The Romans built a bridge, marched across the Rhine River, beat up the barbarians and then marched back again, destroying the bridge on the way. All part of a good weekend’s work. It served to remind the barbarians that they were not safe!
This story is unusual, as bridges last a lifetime – typically around 80 years. Some railway bridges in the UK are celebrated, as they are hundreds of years old. A boring, old bridge may outlast us all.
Keep this in mind when you consider Minister Steel’s dilemma. As a politician, your life expectancy is just to the end of the next electoral cycle. Four years is not a long time in the bigger scheme of things. Minister Steel is often questioned about the John Gorton Drive Bridge. By the time the bridge is finished, he may have moved on from politics, and before it is replaced, we all will likely be with the angels. John Gorton Drive Bridge is almost certain to outlive all of us. Minister Steel must get a little bored at times talking about this bridge.
As we tend to think of ourselves as the centre of the universe, it is hard to appreciate that we are surrounded by things that will outlive us all. We are surrounded by man-made artefacts that existed in this world before we arrived, and they will exist after we are gone. Our lives are ephemeral.

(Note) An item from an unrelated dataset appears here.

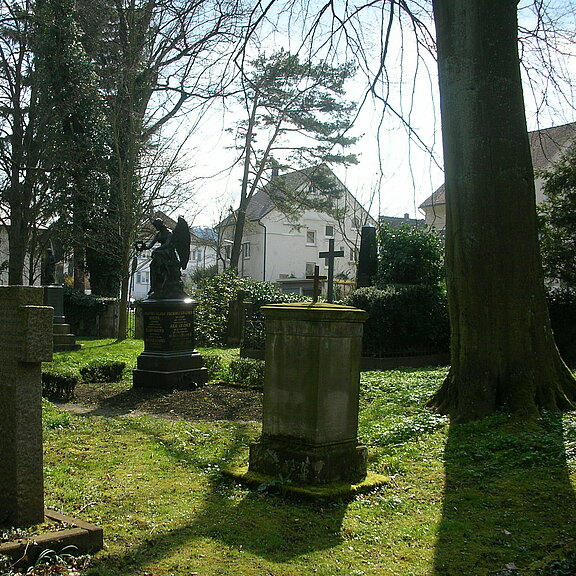 Grabsteine_Alter_Friedhof_Schorndorf.jpg 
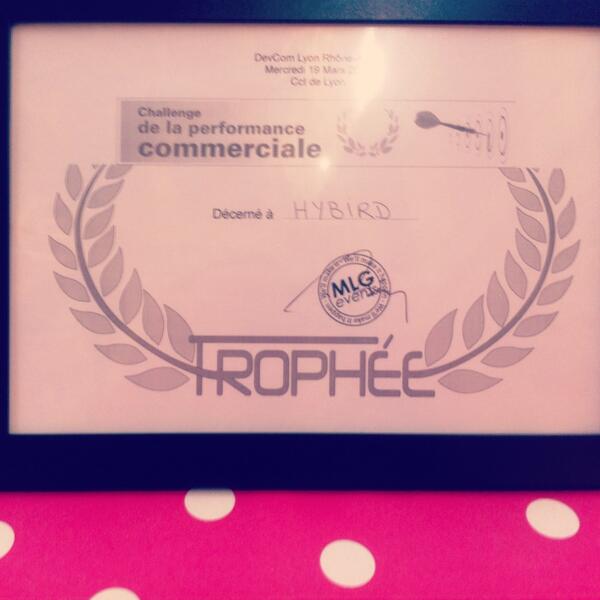 Hybird's tweet image. Et le trophée #DevComLyon du challenge de la performance commerciale est décerné à...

Cities are neither ephemeral nor static. One of the challenges of urban planning in our political environment is the limited horizon of our thinking. We think that because we have lived in an area for five years it belongs to us. We struggle to look five years into the future, let alone conceive the expanse of time that the suburb will exist. We are not owners of a suburb but temporary visitors. It will be inhabited by others later after we have gone.
When we design and build a suburb we should be thinking far out, as what is set in concrete now will still be there in 60 years. In stratified systems theory we call that “task completion time”. It can take many decades before the ACT Government gets around to considering the renewal of the infrastructure, or in the world of cycling, before safe network paths are finally built or completed. The ACT Government is in a race to expand the city fast enough to provide for the growing population. It has little time to waste thinking about what already exists.
We need good cycling infrastructure in Canberra, but it will take decades to build it. The Netherlands has been working on the cycling project since the 1970s (50 years = half a century = 5 decades) and achieved much, but they still have not redesigned all the car-centric roads that were so typical of the 1950s. Cities were a man-made machine moving motorists. Now we would like to make space for bicycles and other travel modes, too. Cities that cater for both “movement” and that create a “place” to live.
The challenge of urban planning is stretching our mind and designing for perpetuity, when we live like mayflies!